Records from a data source
+++
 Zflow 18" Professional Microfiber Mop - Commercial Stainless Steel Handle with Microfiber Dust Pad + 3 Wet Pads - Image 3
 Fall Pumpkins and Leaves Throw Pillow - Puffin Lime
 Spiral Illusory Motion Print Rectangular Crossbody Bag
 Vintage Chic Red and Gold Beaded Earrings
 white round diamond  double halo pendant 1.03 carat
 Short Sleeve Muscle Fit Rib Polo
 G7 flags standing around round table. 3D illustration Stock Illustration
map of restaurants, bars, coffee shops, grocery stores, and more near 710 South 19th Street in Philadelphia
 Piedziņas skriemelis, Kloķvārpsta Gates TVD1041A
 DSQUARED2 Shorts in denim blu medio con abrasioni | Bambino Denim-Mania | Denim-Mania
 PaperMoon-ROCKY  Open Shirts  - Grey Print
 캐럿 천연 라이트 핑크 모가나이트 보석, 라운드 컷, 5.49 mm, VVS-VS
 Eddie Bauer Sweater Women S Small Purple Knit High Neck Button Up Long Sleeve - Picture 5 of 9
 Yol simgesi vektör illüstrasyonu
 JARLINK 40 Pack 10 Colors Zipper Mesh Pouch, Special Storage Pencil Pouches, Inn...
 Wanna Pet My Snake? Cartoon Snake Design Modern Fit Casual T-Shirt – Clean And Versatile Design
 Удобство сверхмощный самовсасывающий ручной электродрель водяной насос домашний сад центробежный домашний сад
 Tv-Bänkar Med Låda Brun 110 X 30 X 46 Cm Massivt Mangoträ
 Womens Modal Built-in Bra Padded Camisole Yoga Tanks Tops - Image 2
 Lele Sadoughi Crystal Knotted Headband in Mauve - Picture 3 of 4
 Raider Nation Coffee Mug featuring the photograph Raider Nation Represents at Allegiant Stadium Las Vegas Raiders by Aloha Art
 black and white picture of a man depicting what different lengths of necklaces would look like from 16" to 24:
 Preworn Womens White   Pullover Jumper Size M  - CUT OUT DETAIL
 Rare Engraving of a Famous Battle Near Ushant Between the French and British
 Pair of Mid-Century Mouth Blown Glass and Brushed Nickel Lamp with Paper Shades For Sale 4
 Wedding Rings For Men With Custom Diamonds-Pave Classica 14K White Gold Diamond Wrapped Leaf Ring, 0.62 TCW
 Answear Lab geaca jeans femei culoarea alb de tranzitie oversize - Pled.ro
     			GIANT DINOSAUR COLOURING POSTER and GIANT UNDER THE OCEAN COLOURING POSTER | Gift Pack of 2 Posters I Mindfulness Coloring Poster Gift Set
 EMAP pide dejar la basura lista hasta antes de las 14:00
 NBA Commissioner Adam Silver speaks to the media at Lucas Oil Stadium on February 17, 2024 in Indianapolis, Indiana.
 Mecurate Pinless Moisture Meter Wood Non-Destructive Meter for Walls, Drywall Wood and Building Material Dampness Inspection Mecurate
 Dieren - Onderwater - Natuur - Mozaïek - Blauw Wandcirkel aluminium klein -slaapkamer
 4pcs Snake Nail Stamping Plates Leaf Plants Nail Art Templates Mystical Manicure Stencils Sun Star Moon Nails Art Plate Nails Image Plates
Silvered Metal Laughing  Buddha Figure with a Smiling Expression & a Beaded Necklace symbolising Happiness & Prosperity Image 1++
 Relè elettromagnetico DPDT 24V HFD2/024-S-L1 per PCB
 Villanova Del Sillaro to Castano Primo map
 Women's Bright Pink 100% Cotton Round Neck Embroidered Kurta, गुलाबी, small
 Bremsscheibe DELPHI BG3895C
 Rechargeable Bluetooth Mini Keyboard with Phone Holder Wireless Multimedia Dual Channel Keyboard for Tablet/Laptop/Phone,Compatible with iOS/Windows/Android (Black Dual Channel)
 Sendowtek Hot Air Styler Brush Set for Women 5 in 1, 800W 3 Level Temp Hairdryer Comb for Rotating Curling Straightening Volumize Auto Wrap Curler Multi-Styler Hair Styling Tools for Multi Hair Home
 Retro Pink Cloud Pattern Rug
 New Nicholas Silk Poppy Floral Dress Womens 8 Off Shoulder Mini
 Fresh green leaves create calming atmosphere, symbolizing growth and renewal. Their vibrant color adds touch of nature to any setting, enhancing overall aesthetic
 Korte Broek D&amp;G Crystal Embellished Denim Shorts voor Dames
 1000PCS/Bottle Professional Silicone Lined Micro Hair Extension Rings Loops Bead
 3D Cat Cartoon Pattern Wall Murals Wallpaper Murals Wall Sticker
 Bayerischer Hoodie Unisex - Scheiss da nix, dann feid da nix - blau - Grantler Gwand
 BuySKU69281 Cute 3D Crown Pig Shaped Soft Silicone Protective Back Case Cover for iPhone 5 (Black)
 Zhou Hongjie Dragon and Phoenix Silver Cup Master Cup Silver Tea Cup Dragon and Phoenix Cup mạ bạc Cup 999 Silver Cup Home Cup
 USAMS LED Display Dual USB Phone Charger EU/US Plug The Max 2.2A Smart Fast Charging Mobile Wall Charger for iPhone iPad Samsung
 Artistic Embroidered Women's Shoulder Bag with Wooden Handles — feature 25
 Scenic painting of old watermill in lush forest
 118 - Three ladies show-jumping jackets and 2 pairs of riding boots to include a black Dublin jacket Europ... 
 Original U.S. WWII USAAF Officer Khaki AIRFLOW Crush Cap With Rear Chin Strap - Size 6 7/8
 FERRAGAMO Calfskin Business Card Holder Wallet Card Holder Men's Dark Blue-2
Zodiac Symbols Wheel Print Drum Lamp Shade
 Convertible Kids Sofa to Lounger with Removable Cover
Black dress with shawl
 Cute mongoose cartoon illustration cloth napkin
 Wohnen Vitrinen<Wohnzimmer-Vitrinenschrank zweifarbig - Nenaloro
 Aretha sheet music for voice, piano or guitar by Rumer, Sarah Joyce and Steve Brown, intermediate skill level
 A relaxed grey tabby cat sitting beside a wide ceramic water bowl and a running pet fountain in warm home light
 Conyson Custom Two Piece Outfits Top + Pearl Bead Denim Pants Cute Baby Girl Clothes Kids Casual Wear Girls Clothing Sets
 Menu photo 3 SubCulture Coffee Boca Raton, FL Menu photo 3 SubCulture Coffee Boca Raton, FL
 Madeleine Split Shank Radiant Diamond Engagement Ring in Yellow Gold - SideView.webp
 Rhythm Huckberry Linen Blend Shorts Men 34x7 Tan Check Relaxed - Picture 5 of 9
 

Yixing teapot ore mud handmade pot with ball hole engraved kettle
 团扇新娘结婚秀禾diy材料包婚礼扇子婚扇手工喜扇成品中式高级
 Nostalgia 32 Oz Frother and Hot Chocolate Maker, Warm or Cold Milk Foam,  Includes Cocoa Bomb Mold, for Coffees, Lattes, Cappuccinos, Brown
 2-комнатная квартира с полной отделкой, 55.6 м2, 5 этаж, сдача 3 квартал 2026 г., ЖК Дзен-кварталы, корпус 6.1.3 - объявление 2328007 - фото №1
+++
> [WORK TO BE COMPLETED]
For each line above that contains the word "illustration", copy that line.

> [WRITTEN ANSWER]
 G7 flags standing around round table. 3D illustration Stock Illustration
 Cute mongoose cartoon illustration cloth napkin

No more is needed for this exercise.